The iron rule of comparative advantage states that countries should engage in activities wherein they have a relative advantage vis-à-vis others. Ireland is a small open economy with people as its primary resource. Understanding this, the development of an export-orientated service economy has been suggested by some as the most appropriate approach to medium-term economic growth. The key to this is a workforce highly skilled in what Robert Reich, former US secretary of Labour, has described as “symbolic-analysis” tools. The creation of this human capital requires a holistic, broad skill set. This is the product of a truly liberal thinking set that is the hallmark of a true knowledge worker. As services grow to become more and more important people will need a combination of soft and hard skills to gain and maintain employment
Hardly a week goes by without a government spokesperson discussing an aspect of the “Smart Economy”. In the public and perhaps government mind this is equated with technology, the “smart green nanobots” approach that thus far has produced lots by cost but little by way of jobs.
We suggest that a truly “Smart Economy” is not based on technology: the really smart economy is about flexibility, especially mental flexibility. Option theory tell us that, ll things being equal, the more uncertainty the more valuable the option. HArnessing the value of the option value of uncertainty, and the world is inherently and increasingly complex and uncertain, depends on ones ability to recognize the right time to act. Developing this mental flexibility should be the primary focus of the education sector, in particular the third level. Within this there is, we contend, no role for directed diversity or other such oxymoronic statements.
We suggest that there exists a set of interlinked issues that make the sector as it stands unable to do this.
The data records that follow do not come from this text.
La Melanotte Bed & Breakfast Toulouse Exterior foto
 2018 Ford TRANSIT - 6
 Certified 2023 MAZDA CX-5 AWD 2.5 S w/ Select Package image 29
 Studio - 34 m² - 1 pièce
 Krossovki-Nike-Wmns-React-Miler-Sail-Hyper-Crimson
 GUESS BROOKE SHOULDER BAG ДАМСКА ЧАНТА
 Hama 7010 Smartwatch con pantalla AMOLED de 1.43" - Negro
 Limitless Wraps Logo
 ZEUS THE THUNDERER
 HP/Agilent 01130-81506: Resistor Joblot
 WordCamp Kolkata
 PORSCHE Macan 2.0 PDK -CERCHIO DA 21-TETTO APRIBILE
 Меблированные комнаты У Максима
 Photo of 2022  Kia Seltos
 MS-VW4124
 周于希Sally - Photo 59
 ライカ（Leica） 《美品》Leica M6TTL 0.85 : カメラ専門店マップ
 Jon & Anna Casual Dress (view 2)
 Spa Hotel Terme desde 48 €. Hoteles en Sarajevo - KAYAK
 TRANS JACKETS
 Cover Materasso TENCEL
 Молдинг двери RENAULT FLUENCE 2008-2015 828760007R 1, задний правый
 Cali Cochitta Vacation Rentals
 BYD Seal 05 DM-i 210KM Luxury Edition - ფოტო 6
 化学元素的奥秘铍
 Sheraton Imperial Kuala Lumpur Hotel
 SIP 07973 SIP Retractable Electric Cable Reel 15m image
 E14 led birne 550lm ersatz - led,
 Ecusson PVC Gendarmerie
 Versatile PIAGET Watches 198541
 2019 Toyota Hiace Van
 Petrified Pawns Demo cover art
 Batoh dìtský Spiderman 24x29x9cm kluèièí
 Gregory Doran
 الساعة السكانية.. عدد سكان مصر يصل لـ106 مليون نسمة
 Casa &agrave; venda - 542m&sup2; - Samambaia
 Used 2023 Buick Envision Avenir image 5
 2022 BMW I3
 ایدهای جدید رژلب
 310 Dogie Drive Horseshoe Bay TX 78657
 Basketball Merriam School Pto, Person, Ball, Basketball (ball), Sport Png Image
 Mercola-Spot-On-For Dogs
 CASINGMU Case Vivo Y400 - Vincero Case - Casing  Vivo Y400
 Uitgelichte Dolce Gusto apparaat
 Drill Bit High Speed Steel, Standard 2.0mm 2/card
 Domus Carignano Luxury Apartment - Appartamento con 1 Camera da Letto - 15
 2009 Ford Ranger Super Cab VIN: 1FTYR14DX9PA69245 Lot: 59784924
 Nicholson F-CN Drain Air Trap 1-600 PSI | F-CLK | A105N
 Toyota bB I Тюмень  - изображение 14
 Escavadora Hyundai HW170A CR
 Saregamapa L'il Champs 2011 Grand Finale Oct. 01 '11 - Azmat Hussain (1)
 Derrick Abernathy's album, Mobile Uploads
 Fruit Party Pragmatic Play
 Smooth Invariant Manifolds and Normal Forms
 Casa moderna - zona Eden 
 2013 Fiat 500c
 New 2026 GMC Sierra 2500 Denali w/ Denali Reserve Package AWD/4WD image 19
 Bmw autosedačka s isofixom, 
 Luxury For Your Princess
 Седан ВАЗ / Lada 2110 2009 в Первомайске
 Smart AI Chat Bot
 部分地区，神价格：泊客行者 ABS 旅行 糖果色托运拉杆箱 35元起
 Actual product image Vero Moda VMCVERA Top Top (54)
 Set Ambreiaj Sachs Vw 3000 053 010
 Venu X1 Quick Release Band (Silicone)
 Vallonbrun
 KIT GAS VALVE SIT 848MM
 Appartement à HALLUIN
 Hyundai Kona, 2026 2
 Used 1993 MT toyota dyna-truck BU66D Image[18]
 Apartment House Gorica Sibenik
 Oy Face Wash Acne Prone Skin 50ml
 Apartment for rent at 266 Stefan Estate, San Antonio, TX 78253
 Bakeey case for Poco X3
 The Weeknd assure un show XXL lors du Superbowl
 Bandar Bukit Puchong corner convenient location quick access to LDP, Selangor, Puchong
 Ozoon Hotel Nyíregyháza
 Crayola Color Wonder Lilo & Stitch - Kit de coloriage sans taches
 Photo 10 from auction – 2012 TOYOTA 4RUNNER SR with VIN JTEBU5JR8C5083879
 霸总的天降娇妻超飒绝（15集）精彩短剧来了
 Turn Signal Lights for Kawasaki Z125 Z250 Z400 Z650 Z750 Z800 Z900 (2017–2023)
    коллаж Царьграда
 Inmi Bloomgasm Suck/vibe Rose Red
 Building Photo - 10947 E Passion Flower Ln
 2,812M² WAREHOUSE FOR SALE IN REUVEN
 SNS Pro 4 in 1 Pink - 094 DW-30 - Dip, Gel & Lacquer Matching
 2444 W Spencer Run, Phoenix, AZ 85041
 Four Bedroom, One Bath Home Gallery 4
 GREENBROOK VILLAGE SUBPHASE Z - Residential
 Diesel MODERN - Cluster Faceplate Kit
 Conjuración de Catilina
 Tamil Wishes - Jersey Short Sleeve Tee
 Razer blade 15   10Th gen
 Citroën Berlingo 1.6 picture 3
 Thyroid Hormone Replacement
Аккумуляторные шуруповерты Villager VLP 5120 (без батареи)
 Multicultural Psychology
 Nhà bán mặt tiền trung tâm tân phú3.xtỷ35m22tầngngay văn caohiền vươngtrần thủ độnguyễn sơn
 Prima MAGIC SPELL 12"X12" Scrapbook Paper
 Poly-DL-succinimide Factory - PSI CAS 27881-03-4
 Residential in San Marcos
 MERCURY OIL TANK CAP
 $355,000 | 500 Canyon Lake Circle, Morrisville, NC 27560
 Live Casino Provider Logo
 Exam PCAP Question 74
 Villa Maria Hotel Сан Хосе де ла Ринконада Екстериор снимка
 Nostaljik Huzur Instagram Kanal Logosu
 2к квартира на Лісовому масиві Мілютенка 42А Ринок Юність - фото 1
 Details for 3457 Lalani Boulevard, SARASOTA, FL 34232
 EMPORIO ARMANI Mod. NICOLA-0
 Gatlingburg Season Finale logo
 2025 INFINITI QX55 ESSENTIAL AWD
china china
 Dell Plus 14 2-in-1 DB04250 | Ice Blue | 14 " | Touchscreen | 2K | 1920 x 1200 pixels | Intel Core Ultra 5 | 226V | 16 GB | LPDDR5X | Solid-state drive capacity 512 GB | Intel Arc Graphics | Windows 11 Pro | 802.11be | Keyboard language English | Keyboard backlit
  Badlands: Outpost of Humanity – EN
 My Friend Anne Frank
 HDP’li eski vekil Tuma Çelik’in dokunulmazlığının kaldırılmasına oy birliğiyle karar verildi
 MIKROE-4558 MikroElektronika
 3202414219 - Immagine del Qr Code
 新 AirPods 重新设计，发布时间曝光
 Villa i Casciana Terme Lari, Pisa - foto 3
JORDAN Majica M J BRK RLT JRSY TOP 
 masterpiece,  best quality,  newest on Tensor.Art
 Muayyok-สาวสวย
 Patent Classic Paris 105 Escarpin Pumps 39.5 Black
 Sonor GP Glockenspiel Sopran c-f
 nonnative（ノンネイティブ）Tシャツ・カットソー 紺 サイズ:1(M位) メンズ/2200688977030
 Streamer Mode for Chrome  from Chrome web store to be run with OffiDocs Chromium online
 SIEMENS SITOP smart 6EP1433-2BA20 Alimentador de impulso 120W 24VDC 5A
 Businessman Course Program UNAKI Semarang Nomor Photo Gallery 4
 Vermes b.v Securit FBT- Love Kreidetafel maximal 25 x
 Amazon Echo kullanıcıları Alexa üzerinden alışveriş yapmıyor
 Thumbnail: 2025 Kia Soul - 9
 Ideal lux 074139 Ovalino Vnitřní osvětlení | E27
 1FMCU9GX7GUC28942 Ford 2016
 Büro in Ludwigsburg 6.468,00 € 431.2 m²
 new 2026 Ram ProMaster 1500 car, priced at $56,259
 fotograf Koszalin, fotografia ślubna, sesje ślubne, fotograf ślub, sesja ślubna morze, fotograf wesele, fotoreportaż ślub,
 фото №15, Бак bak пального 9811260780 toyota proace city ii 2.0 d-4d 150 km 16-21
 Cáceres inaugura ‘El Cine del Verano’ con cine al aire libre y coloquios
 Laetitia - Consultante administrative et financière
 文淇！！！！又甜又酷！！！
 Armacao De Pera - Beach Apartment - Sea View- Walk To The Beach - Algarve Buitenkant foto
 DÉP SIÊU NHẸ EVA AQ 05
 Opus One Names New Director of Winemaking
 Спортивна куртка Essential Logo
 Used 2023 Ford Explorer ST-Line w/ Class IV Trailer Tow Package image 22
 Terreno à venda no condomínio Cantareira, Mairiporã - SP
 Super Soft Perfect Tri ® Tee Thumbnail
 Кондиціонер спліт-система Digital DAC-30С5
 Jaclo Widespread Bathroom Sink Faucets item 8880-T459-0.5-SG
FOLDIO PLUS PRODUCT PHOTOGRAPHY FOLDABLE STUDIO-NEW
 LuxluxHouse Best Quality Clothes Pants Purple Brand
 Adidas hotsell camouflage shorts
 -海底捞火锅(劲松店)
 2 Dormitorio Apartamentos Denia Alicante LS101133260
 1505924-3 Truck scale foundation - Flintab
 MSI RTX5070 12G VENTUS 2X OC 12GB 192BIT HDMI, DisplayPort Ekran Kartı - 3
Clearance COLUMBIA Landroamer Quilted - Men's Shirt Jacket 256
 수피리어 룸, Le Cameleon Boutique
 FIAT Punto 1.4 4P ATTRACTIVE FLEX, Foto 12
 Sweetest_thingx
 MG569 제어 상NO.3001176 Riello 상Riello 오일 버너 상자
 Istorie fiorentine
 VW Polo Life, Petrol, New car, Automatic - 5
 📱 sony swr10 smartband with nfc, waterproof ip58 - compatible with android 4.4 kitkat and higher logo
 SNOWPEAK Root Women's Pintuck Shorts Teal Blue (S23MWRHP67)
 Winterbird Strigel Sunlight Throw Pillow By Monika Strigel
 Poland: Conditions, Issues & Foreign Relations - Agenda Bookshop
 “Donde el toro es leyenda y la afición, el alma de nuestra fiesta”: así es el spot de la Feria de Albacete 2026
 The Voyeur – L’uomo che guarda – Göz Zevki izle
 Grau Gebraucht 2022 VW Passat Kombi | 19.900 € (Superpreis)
Irish higher education suffers from a severe conflict of mission. It is expected to deliver on innovation, education, social enrichment, economic growth, public health, improved lifestyles and put a chicken in every pot. Though research suggests that all of these and more arise from higher education, the effect varies across individuals and disciplines. The context is further complicated by the regional imperative. Given the need to spread scarce funds widely there is little chance of obtaining internationally competitive scale in any one area or institution. Higher education and innovation is also drowning in an alphabet soup: HEA, HETAC, FETAC, SFI, IRCSET, IRCHSS, HRB, EI, FÁS, FORFAS, NCC, IDA… Although some consolidation in terms of qualification accreditation is now being proposed, this is only a start and will not address the civil service culture of bureaucratic empire building. Consideration should be given, we suggest, to the creation of a single ministry with three divisions – Education, Training & Employment and Innovation and Research, with a minister for state with responsibility for intellectual property. Ideally the ministers of state would, in future and assuming it exists, be appointed from the Seanad, allowing for external non-political experts to be chosen on the basis of observed international competency in these areas. In this way we can begin designing a holistic structure of education and innovation and make real progress on eliminating many of governance failures that currently exist as a result of higher education and research being spread across too many government departments and agencies. Higher education has many interlinked issues that need to be considered collectively not singularly. It would also enable the education sector as a whole to work together in solving known and complicated problems – such as the present crisis in mathematics education in Ireland (see Kevin Denny for a nuanced view of this issue, Carol Newman for a discussion of this in relation to services, and Brian McGrath for a discussion of this and the attendant problems in STEM (Science, Tech, Engineering, Math) areas in general along with a well thought out reform agenda)
The legend of Alexander the Great tells of his solution to thefamed Gordian knot, a knot so constructed that it was impossible to unravel as when one part loosened the remainder tightened. Alexander took a direct approach and cut through the knot. We have in Ireland created a Gordian knot in the university space, wherein it seems impossible to solve the issues piecemeal. An Alexandrian solution therefore seems in order. In the Irish educational context we have precedent in Donagh O’Malley’s Alexandrian solution to the issue of secondary school access, which, springing full-blown from his mind like a modern Athena, met with a frosty reception from the keepers of the exchequer gates, but which bold stroke was a key foundation block for a modern economy and society. A similar solution is now needed we suggest for the university space. The financial crisis gives Minister Quinn scope, cover and a rationale.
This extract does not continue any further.